Wikileaks Cables from Mogadishu: Condoms Not Used in Somalia Invasion
Wait a minute. Is there US embassy in Mogadishu?
The recent leaks are shedding some light on the type and level of US engagement in the Horn of Africa. Ethiopia and Eritrea are in the spotlight, following the posting of edited cables from Addis Ababa, Asmara, Nairobi and Doha. The Diaspora-based Ethiopian media and a blog based in Ethiopia were quick to speculate on the content of the leaks as they relate to Ethiopia, and were observed rushing to make analyses of what has so far been availed by the editorial team of Wikileaks. One thing that was, however, missing from most of them is the part relating to Ethiopia’s difficult relations with Somalia and the involvement of the US in those interactions.
The cables contain important hints and pieces of information on what is happening in Somalia and the dynamics of Ethiopia-Somali relations. Broadly speaking, the cables expose areas that had formerly been “black spots” for anyone interested in the study of the Horn of Africa. Ethiopia’s invasion and occupation of Somalia, the Juba State, and US covert relations with the ONLF in and outside of the Ogaden have all been a mystery for the many Ethiopians keenly interested in the foreign policy of the state. It is natural that a responsible citizen would be concerned about whether the government is serving the best interest of the country in the short and long term. When transparency is completely lacking in the making and execution of foreign policies, and when those policies are drafted and administered by incompetent professionals selected for the job on the basis of loyalty, then one will be even more concerned.
One of the biggest revelations in the cables is the affirmation of the prior-held belief that the US was the driving force behind the mounting of the large-scale invasion of Somalia. So far what was known was that the US participated in that military adventurism only after Ethiopia made the decision to invade, and that their role was limited to sharing satellite images with the Ethiopian military.

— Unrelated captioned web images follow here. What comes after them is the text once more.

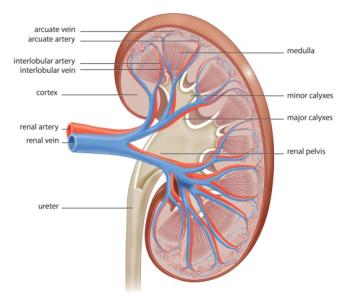 picture of kidney and its parts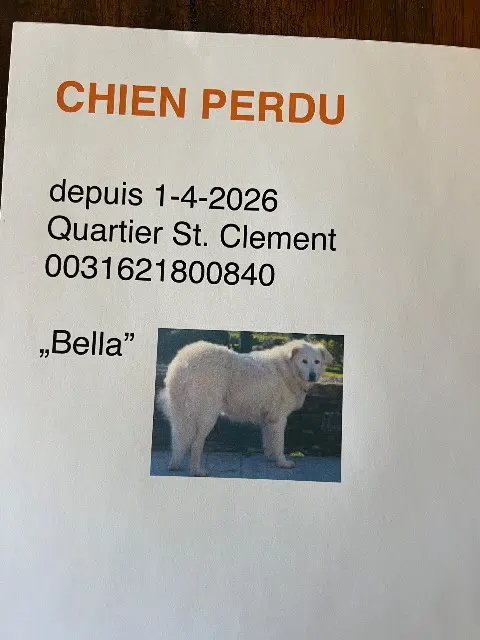 chienne reunited   83680 La Garde-Freinet Bella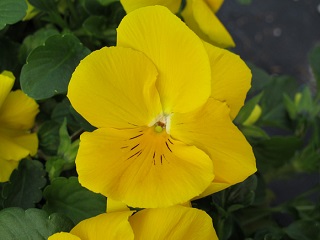 306T/18PANSY PURE YELLOW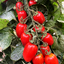 เมล็ดพันธุ์ มะเขือเทศ จูเลียต - Juliet Tomato F1 Seed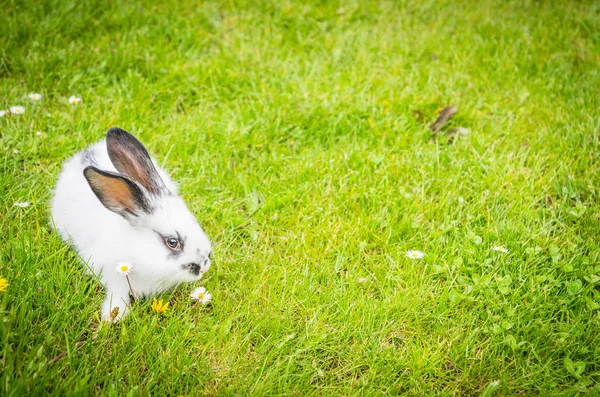 White domestic rabbit on a green meadow — Stok fotoğraf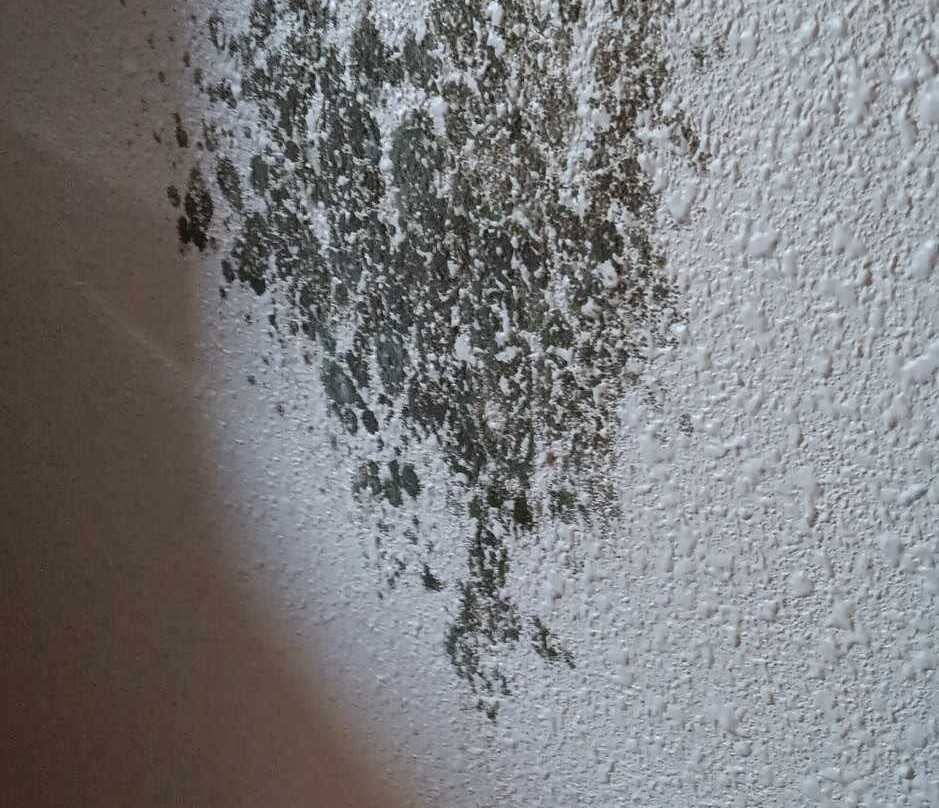 Quality Inn Frontier At U.S. Hwy 30主图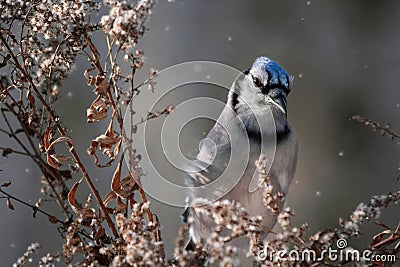 Blue jay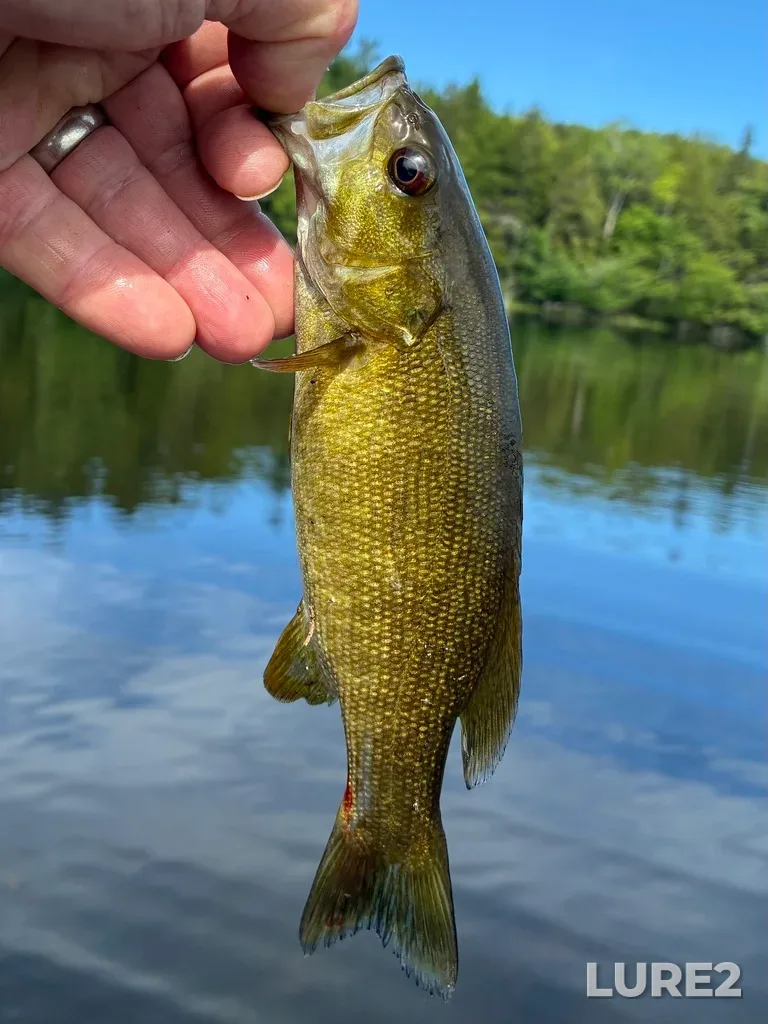 Smallmouth bass — Fancy Lake, Jul 24, 10:38 AM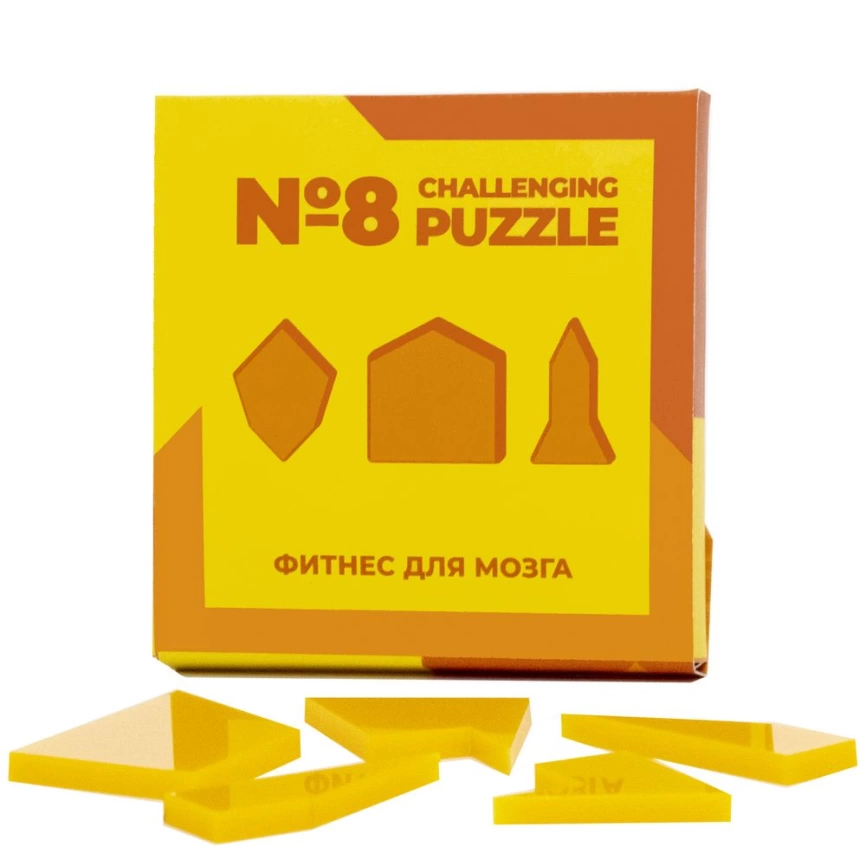 Головоломка Challenging Puzzle Acrylic, модель 8 фото 1
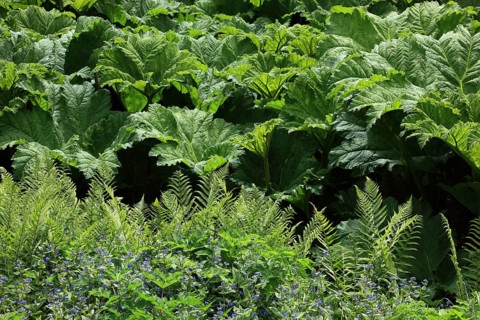 Gunnera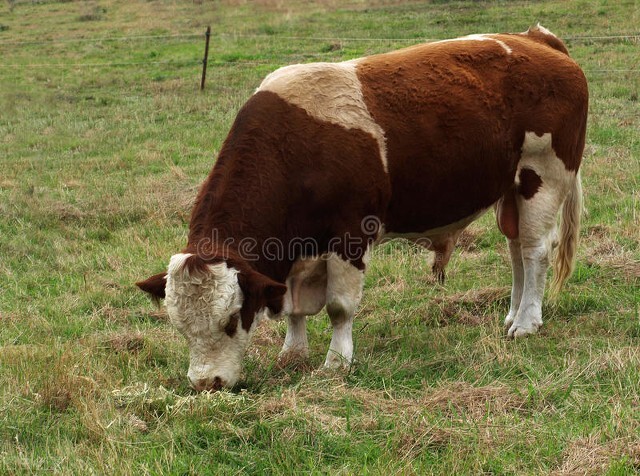 牛价行情西门塔尔,最新活牛价格全国肉牛价格行情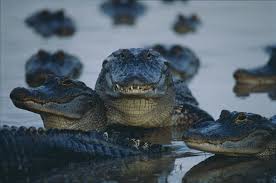 Image result for Alligator mississippiensis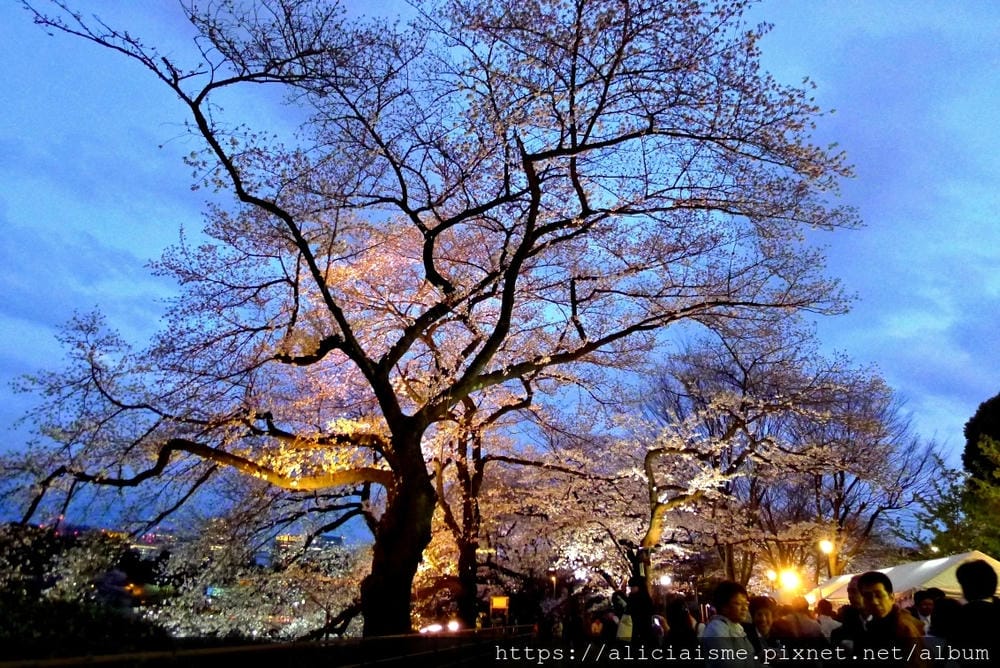 【東京都】千鳥之淵綠道(2019更新):漫舞櫻花成粉紅河的第一名花見夢幻所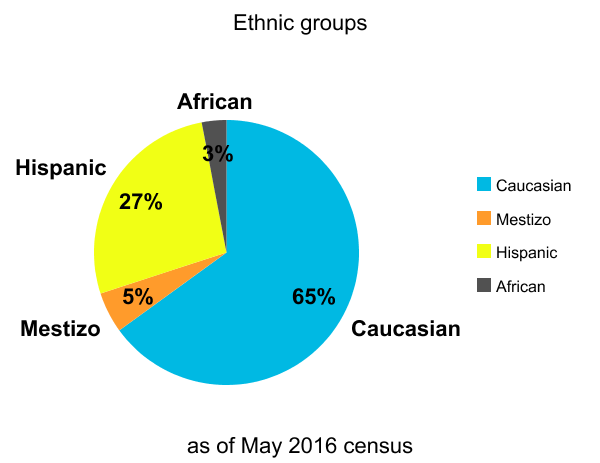 File:Demohgraphics-ethinicgroups.png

According to a cable dated January 31, 2007, The Crown Prince and Deputy Supreme Commander of the UAE Armed Forces, Sheikh Mohammed Bin Zayed Al Nahyan, told the Commander of CENTCOM, General John Abizaid, “The Somalia job is fantastic.” The timing is important here. In that very month, Ethiopia was pursuing the forces of the Islamic Courts in Ras Kambon, a relatively forested area in the southern tip of Somalia, just after the U.S. launched an air strike using an AC-130 gunship against suspected Al-Qaeda operatives. What is not reported is that the US had even sent ground Special Forces,, possibly comprised of 40 to 50 soldiers, to the location. However, the US forces failed to find the Al Qaeda operatives that they were looking for and had to be assisted by Ethiopian forces in order to find their way out of the jungle. So when the Crown Prince refers to a job as “fantastic”, he is not referring to the actual US job – which failed. It can only be the whole project of routing out the Islamists. And that was done by Ethiopia. But if that was an Ethiopian-driven or executed project, then the compliment of “fantastic” is to be delivered in front of Ethiopian officials, not to an American general. The logic here is simple. The Americans should take credit because they are the masterminds of the whole Somalia invasion.
Meles once told parliament that Ethiopian forces are not fighting in Somalia using condoms (using USAID money). Well, now we are no longer in as dim a light as we once were before this leak. The US was the driving force and, as such, the financier of the ‘”fantastic” Somalia job. Yet lying to representatives of the peoples is not crime in Ethiopia, at least when it is the Premier who is lying.